Environmental Benefits of Commercial Recycling for Timber Pallets/Packaging

"Everyday" and unit savings per tonne of timber pallets/packaging2 recycled:

Greenhouse
greenhouse
6,534 km driven3
1.35 tonnes CO2e
Energy
Energy
6 houses' energy for a month4
10.73 GJ LHV (2,983 kWh)
Water
Water
-0.2 bath tubs5
-0.04 kL water
Waste
Waste
14 wheelie bins6
0.8 tonne

For an explanation of key terms used, please visit our Glossary.

Recycling Options

Some pallet suppliers offer a pallet return service, which may be run as a credit scheme to encourage higher return rates.

A number of companies also offer drop-off and/or pick-up services for reusable or repairable pallets (this service may be free for large quantities). Some companies, including pallet repair companies but also commercial composters and wood waste grinders, will also accept waste pallets for recycling.

What Happens When It's Recycled?

Reuse: Multiple-use pallets offer significant long-term financial savings over single-use pallets. They also offer significant reductions (roughly 50%) in energy consumption, solid waste generation, and greenhouse gas emissions compared to single-use wood pallets.

Repair: Most wood pallets are made up of a number of standardised components. Therefore if a component should be damage or break, your wood pallet can easily be repaired and reused.

Recycle: Pallets are dismantled and the wood is then processed into wood products like particleboard, wood chips, mulch, animal bedding, biofilters (for stormwater) or used as biomass - a source of renewable energy.

Check out some brilliant examples of upcycled wood pallets at MakeItWood.org

More Info & Sources

Forest & Wood Products Australia
Timber Stewardship
Supply Chain Digest
Carbon Benefits Calculator - This calculator estimates the carbon benefits (in the form of greenhouse gas emissions reductions) of various reuse and recycling options for commercial quantities of wood pallets and packaging instead of disposing of them in landfill. This calculator has been developed by the Timber Development Association NSW with input and funding from the Office of Environment and Heritage NSW (OEH).

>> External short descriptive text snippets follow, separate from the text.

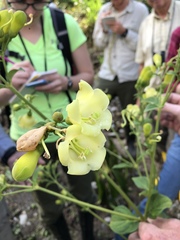 Macrocarpaea pringleana
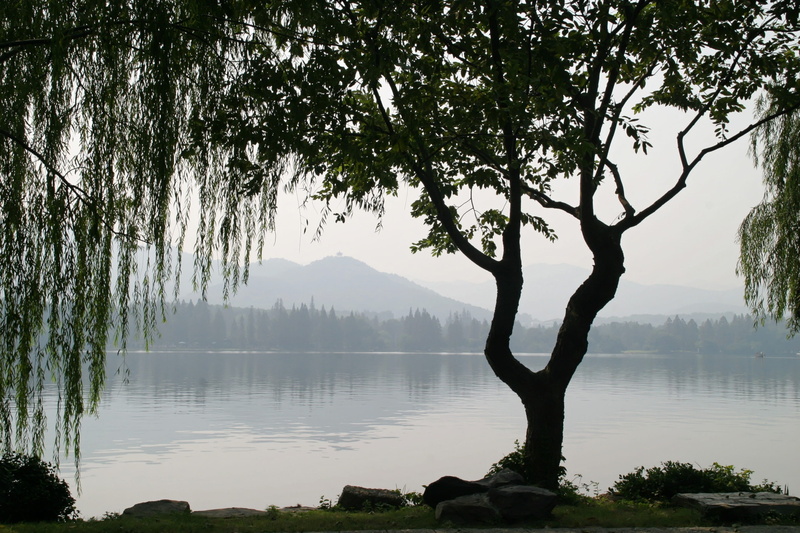 fog, no people, idyllic, bank, gingko, tranquility, non-urban scene, outdoors, near, lake, tree trunk, china, plant, ginko tree, tranquil scene, sky, beauty in nature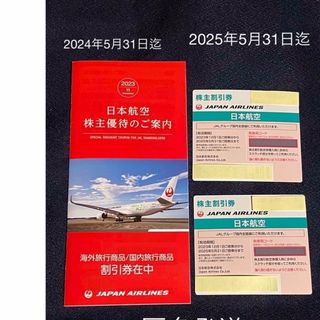 JAL 日本航空 株主優待券 2枚　2025年5月31日まで　A(その他)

1. NSW Environment Protection Authority (2012) Carbon Benefits of Not Landfilling End-of-Life Wood Pallets & Packaging in New South Wales - Assumptions Report, NSW EPA
2. Data for timber pallets/packaging (Commercial & Industrial and Construction & Demolition recycling only) contained in Table 4 (p.14) Department of Environment, Climate Change and Water NSW (2010) Environmental Benefits of Recycling, DECCW, Sydney South
3. “Everyday” greenhouse gas emission savings expressed as number of kilometers driven by an average new passenger and light commercial vehicle (206.6g CO2e / km). National Transport Commission (2012) Carbon Dioxide Emissions from New Australian Vehicles 2011 Information Paper
4. “Everyday” cumulative energy demand savings expressed as average household monthly electricity requirements (500 kWh). 1GJ LHV = 278kWh (GJ LHV = Giga-joules of fossil energy (low heating value); kWh = Kilowatt hour)
5. “Everyday” water savings corresponding to average sized bath tubs (0.175 kL capacity). A negative number means that slightly more water is used to reprocess and recover timber pallets than producing new timber pallets/packaging.
6. “Everyday” solid waste savings represented by number of average sized wheelie bins (55kg capacity)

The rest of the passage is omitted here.